31 August, 2015
The Washington Post reports that the United States is preparing to act against Chinese who steal trade secrets using the Internet.
The actions could freeze accounts and block the transfer of money. They would target thieves who use the Internet to steal U.S. trade secrets. The newspaper says the decision on whether to take action is expected in the next two weeks.
The decision could take place at the same time the Chinese President Xi Jinping arrives on his first state visit to Washington.
The actions are meant to send a message to China to express growing U.S. frustration.
China is not the only hacker of computers for trade secrets. But The Washington Post reports that it is the most active. The Federal Bureau of Investigation, or FBI, says these incidents rose 53 percent last year. China accounted for most of that, the FBI says.
The Washington Post says it is unclear how many companies or individuals will be targeted. One unnamed official says actions would be taken against large and multinational Chinese companies.

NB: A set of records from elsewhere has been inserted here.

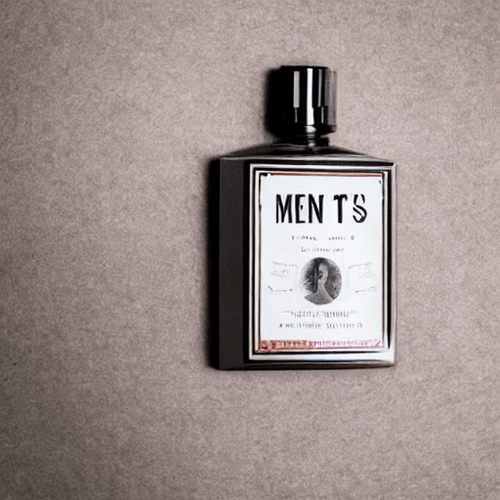 Corkir - Libertee Eau de Toilette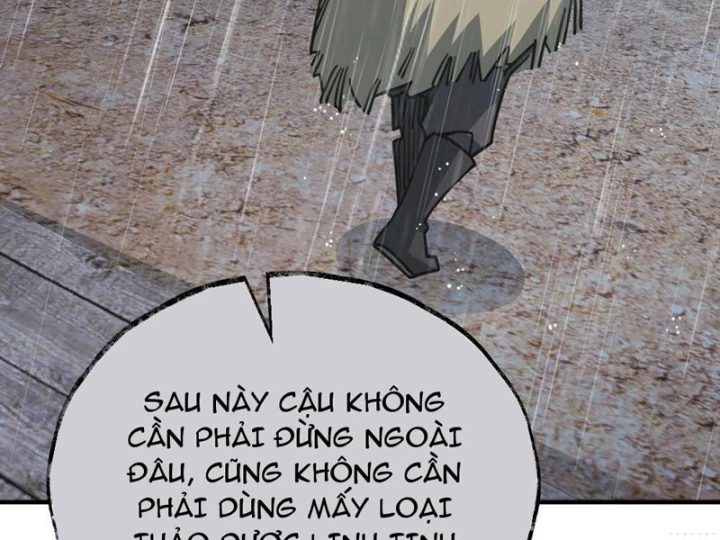 Quang Âm Chi Ngoại Chapter 19 - Trang 39
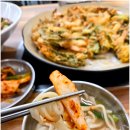 의정부칼국수 이미지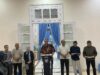 Pemprov Gorontalo: APBD 2027 Diproyeksi Rp1,27 Triliun, Turun 27 Persen dari Tahun Sebelumnya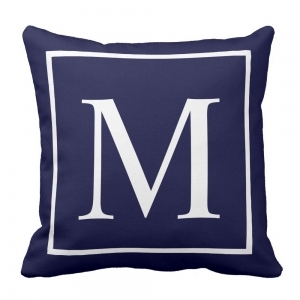 ModernPillow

The actions were prompted partly by Chinese hacking into the personal information files of U.S. government workers last year, the newspaper says.
Also, in May 2014, the U.S. charged five Chinese military officers with hacking into the files of U.S. companies. Investigators said the Chinese military officers hacked into nuclear, metal and solar companies in the U.S.
In 2013, the Chinese government was accused of taking part in cyber-attacks against American businesses and government.
China has denied these accusations. It insists it has been the victim of cyber-attacks. In 2013, a former U.S. security worker, Edward Snowden, revealed that the U.S. was watching China in a secret program. The U.S. says this is separate and did not steal secrets.
The U.S. launched sanctions for the first time this April. It financially punished hackers and cyber-attackers who come from outside the U.S.
The sanctions, however, are not a declaration of cyber war on China says Ankit Panda. He is editor of The Diplomat.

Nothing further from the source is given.